What the task asks - Reproduce exactly, with no pictures, each line from the opening of the material down through the line containing "유니클로(UNIQLO) 청/데님 팬츠 81.5".

Source material -
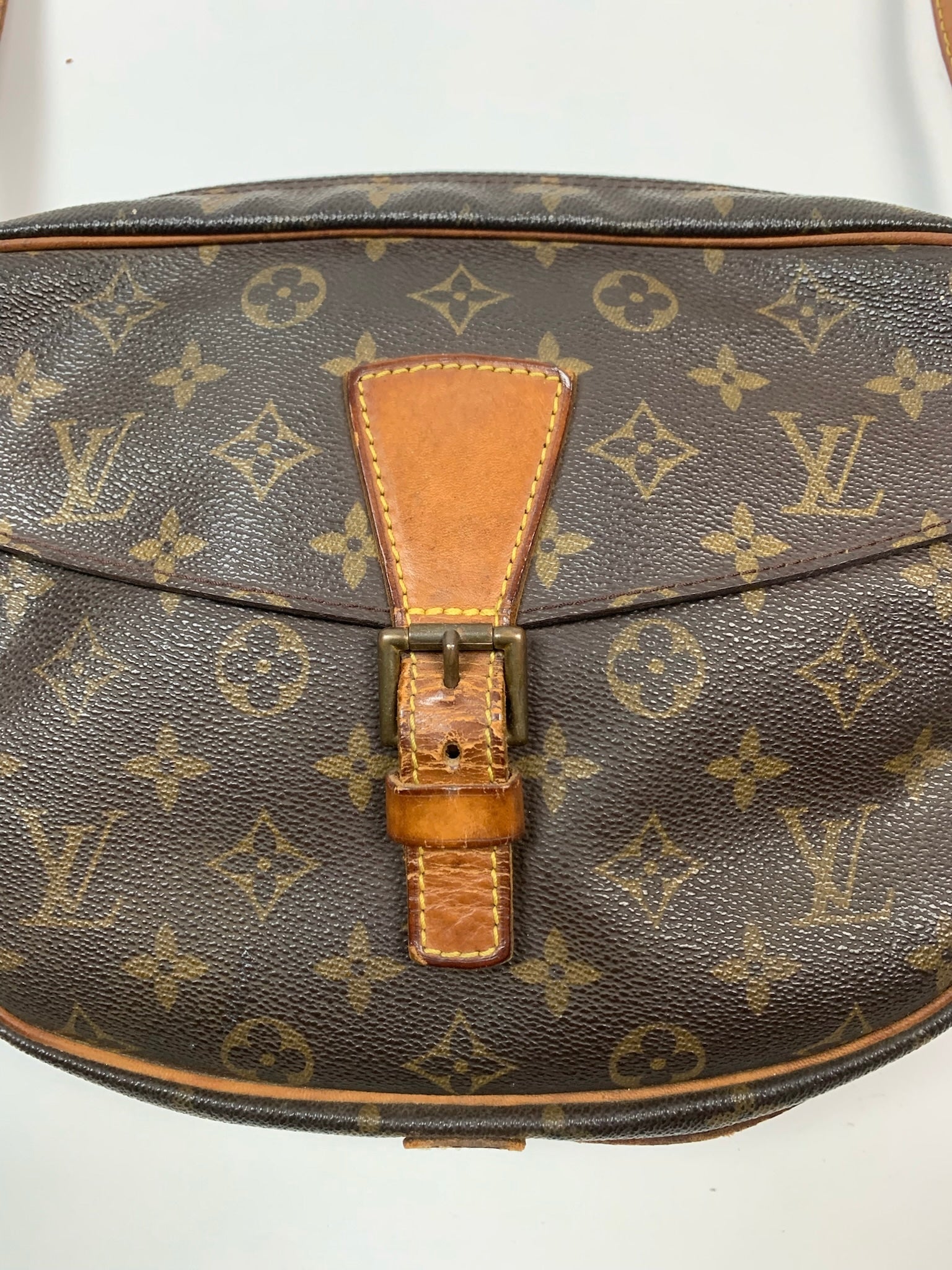 Louis Vuitton Bag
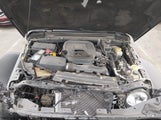 Jeep Wrangler Unlimited Sport Altitude 4X4 1C4HJXDN8MW575481 снимка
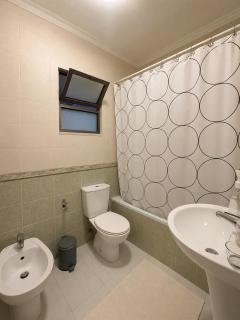 4 bedroom apartment for large families in Deir Ghbar - 1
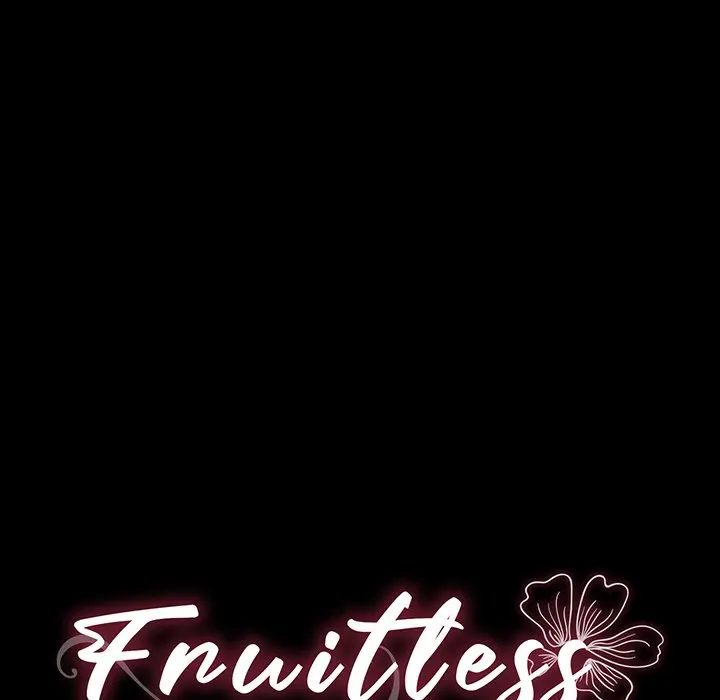 Fruitless Episode 64 - Page 27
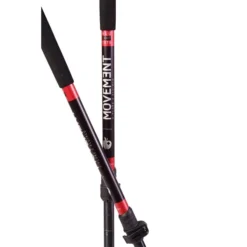 MOVEMENT X-PLORE 2 ALU W BLACK/CARMIN 23 -Cheap Ski Gear 9 118879 x plore 2 alu w black carmin mov d 22310 blk ca 04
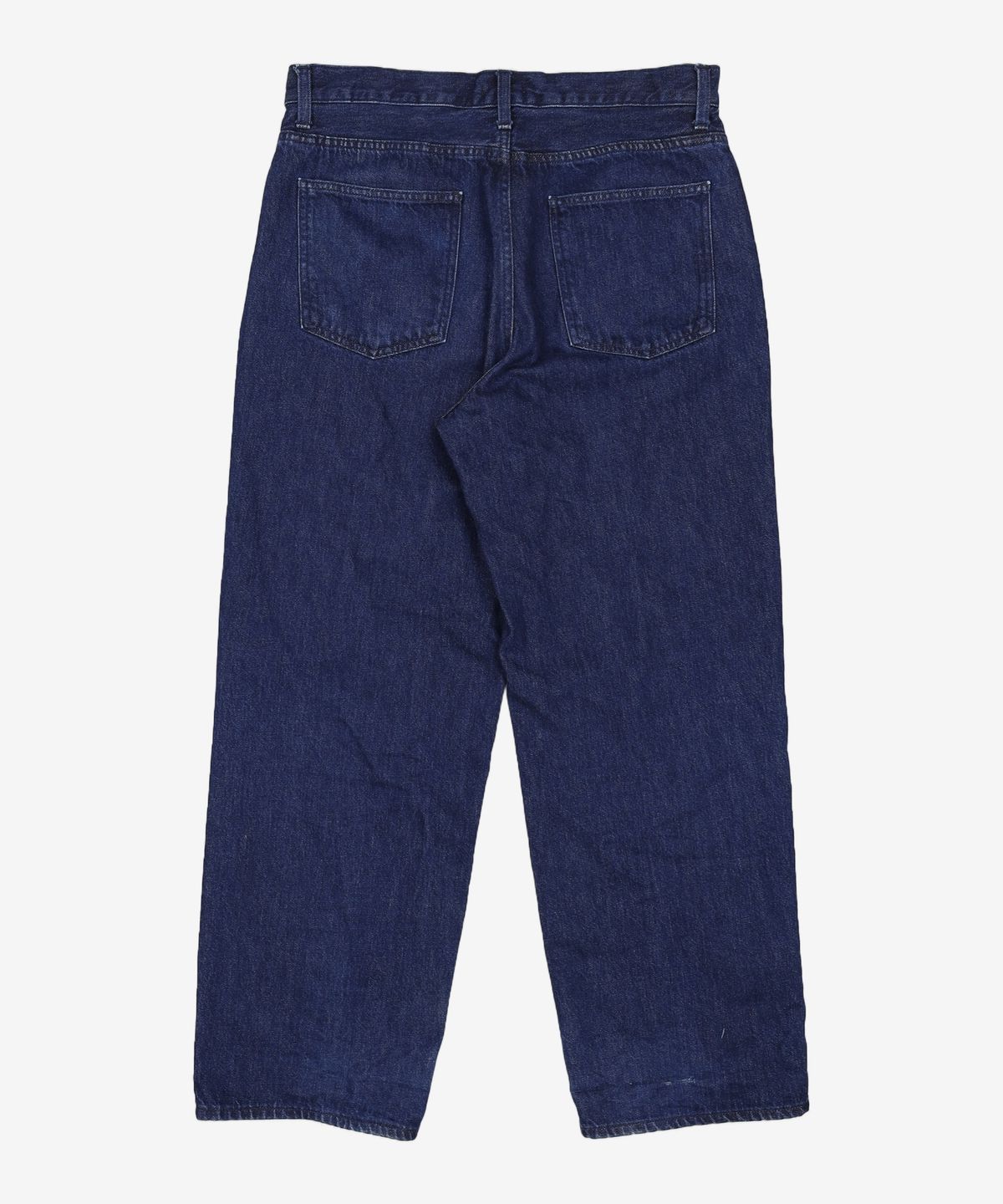 유니클로(UNIQLO) 청/데님 팬츠 81.5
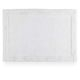 imagem do produto Tapete Decore Algodo Riade 60x140cm - Kacyumara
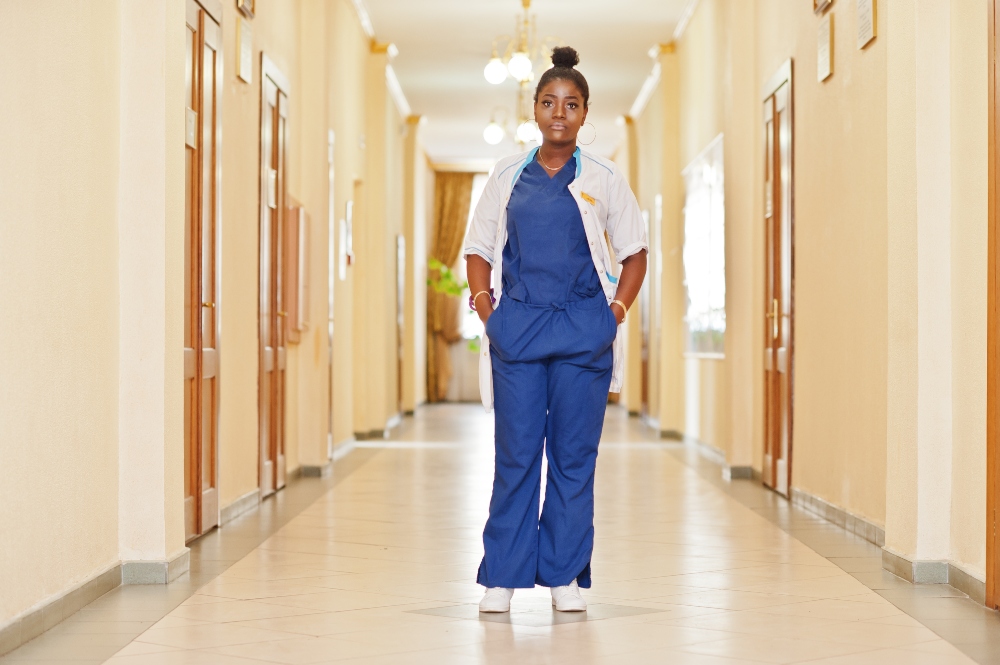 How to Pick the Perfect Nursing Degree for You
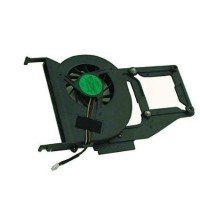 Genuine ACER ASPIRE 4230 4320 LAPTOP CPU COOLING FAN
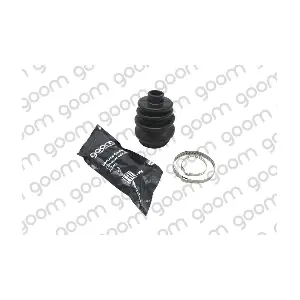 GOOM CB-0158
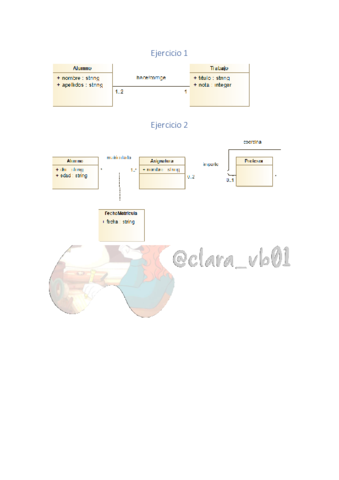 Ejercicios-Tema-4-Diagramas-de-Clases-de-Dominio-mrc.pdf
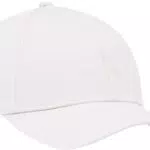 Calvin Klein Jeans Damen Cap Mono Logo Basecap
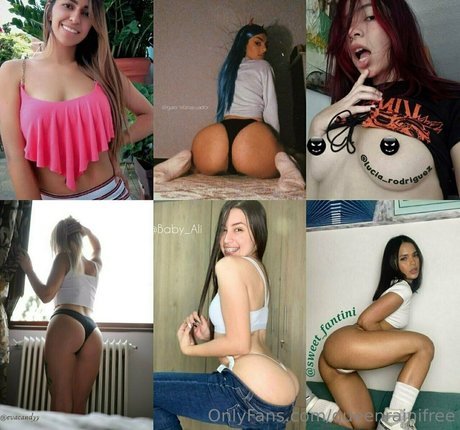 queenrainifree star du porno sympa galerie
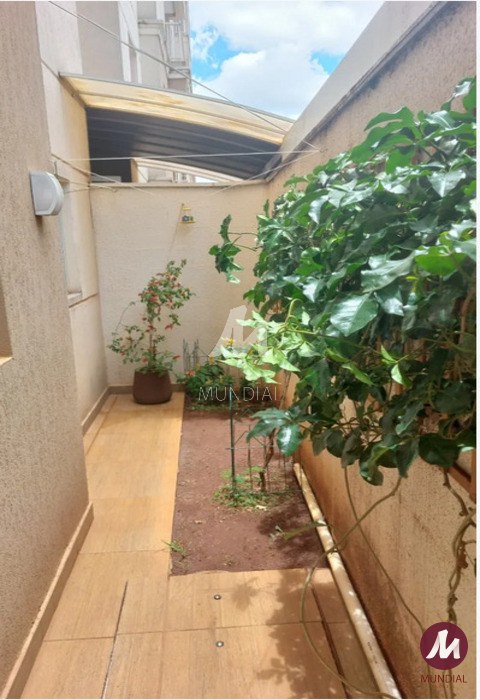Quintal/corredores — foto 7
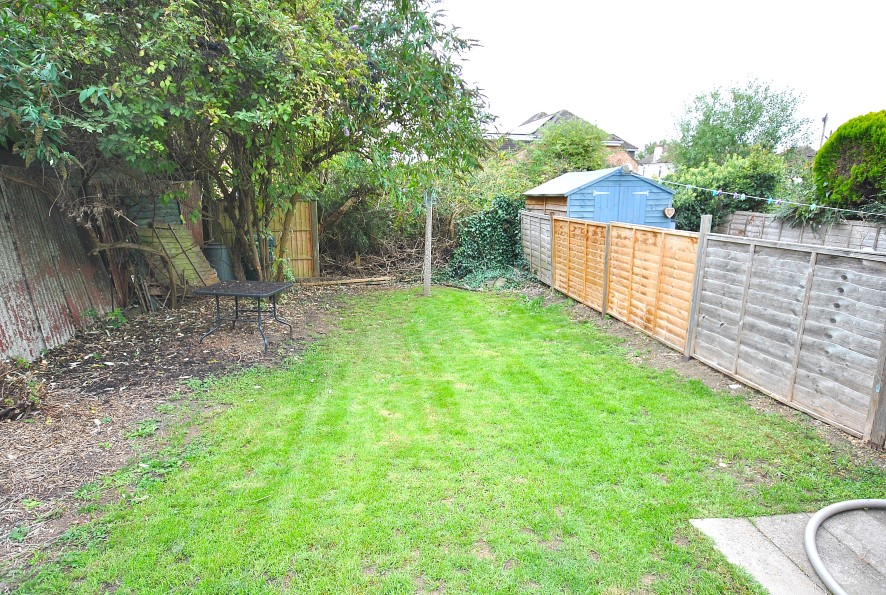 Lot Image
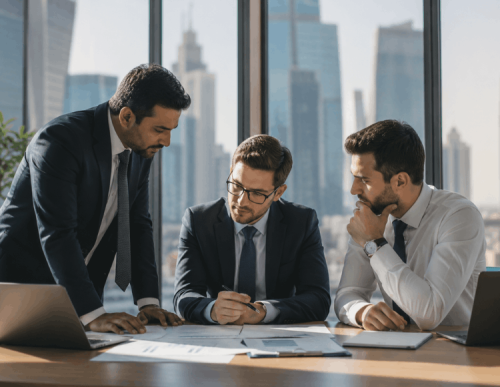 why immigration planning should begin before project mobilisation 1 500x387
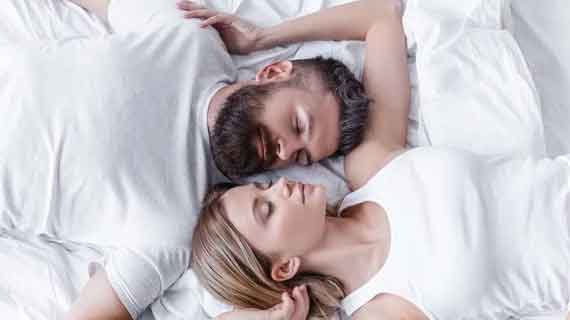 Cara pelet cowok yang ampuh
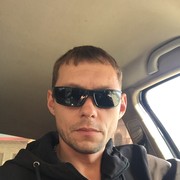  ,  , 44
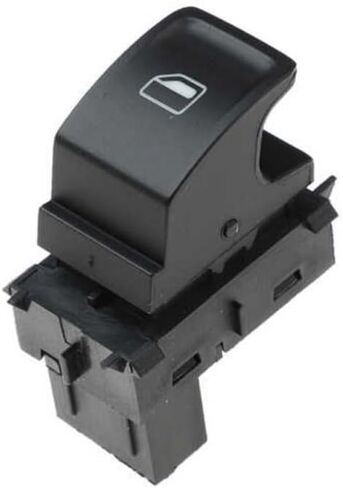 1PCS DOOR HAFTER BUNTER FRONT R REAW R/L OEM 34D 959 855 34D959855 34D959855 in Saudi Arabia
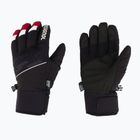 Guanto da sci Rossignol Speed Impr sport uomo rosso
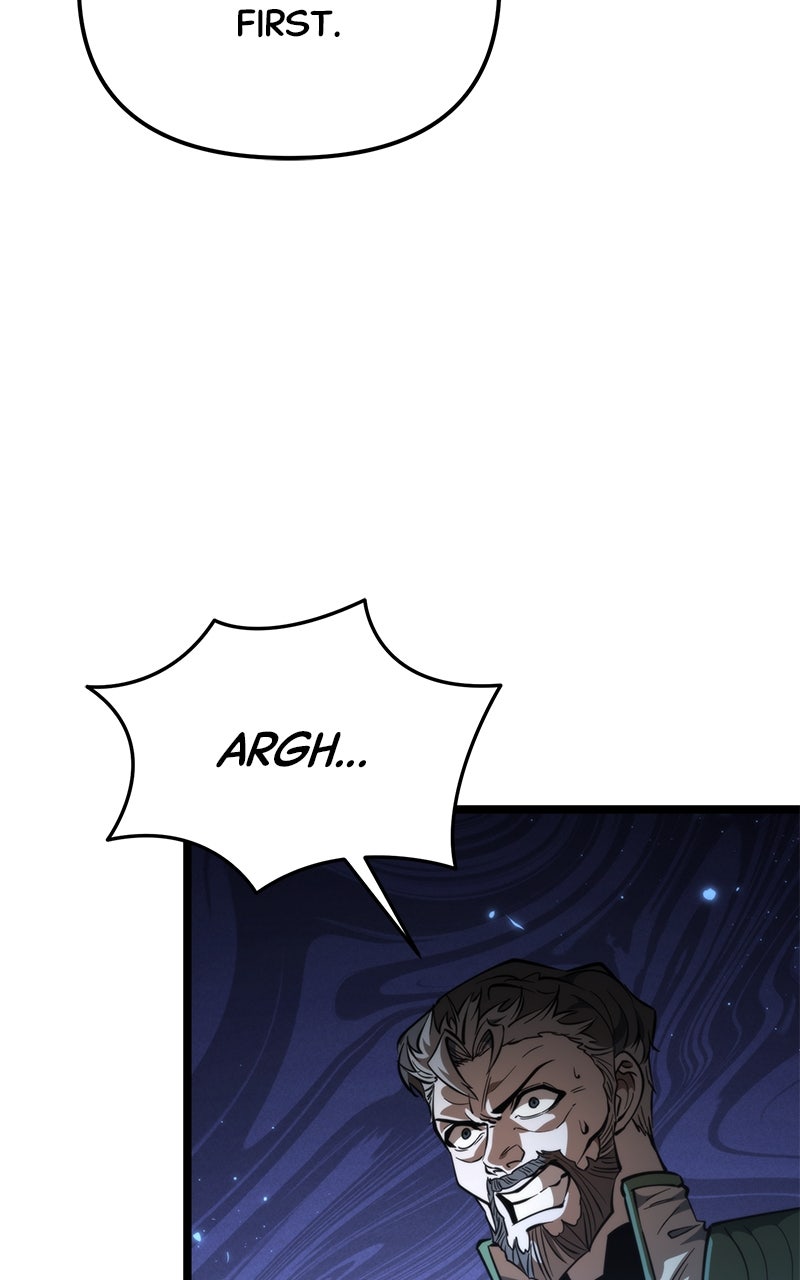 Read Reincarnator chapter 83 image 119 on Lezhin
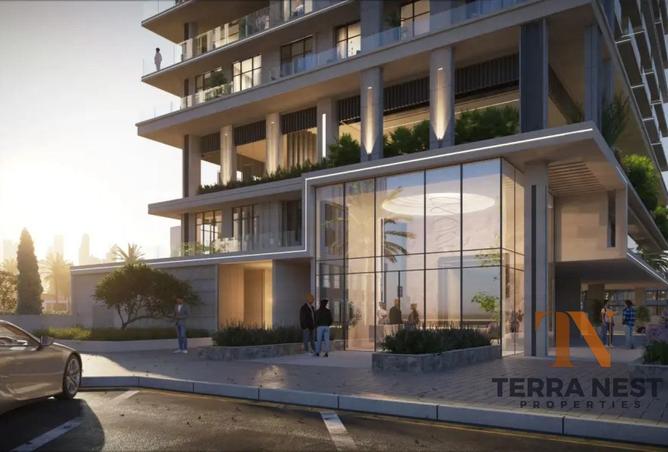 15530042 - صورة العقار 3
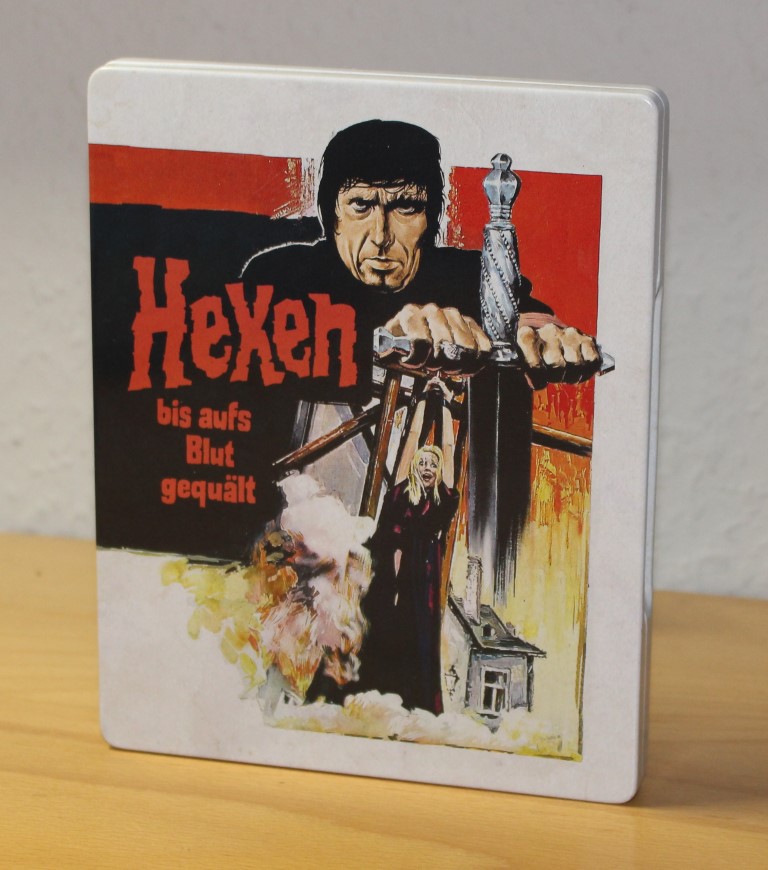 hexen_pak_3 (Medium).JPG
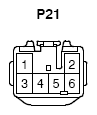 G10332980
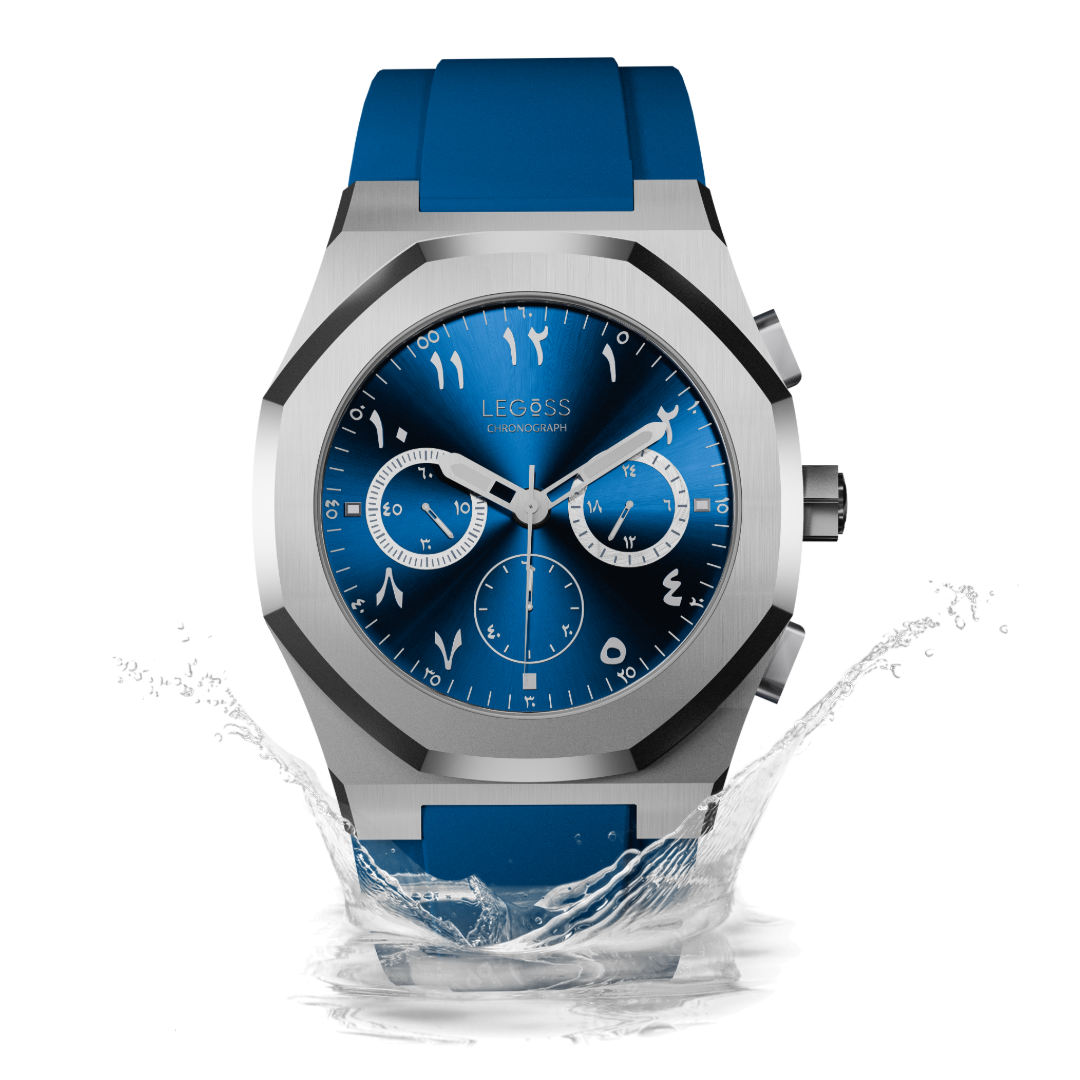 Sans titre - 2025-04-22T143102.911.png__PID:e9f646e7-09fd-4096-bef2-dc37601c2b4b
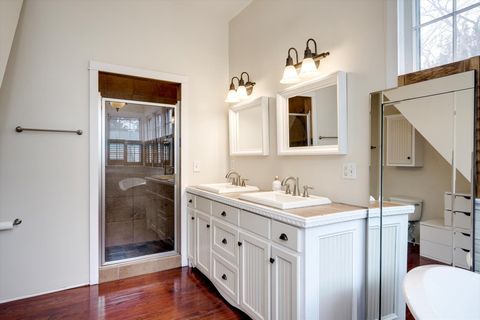 Tiny photo for 1231 Glenn Avenue, Augusta, GA 30904 (MLS # 550320)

Problem solution -
 Louis Vuitton Bag
 Jeep Wrangler Unlimited Sport Altitude 4X4 1C4HJXDN8MW575481 снимка
 4 bedroom apartment for large families in Deir Ghbar - 1
 Fruitless Episode 64 - Page 27
 MOVEMENT X-PLORE 2 ALU W BLACK/CARMIN 23 -Cheap Ski Gear 9 118879 x plore 2 alu w black carmin mov d 22310 blk ca 04
 유니클로(UNIQLO) 청/데님 팬츠 81.5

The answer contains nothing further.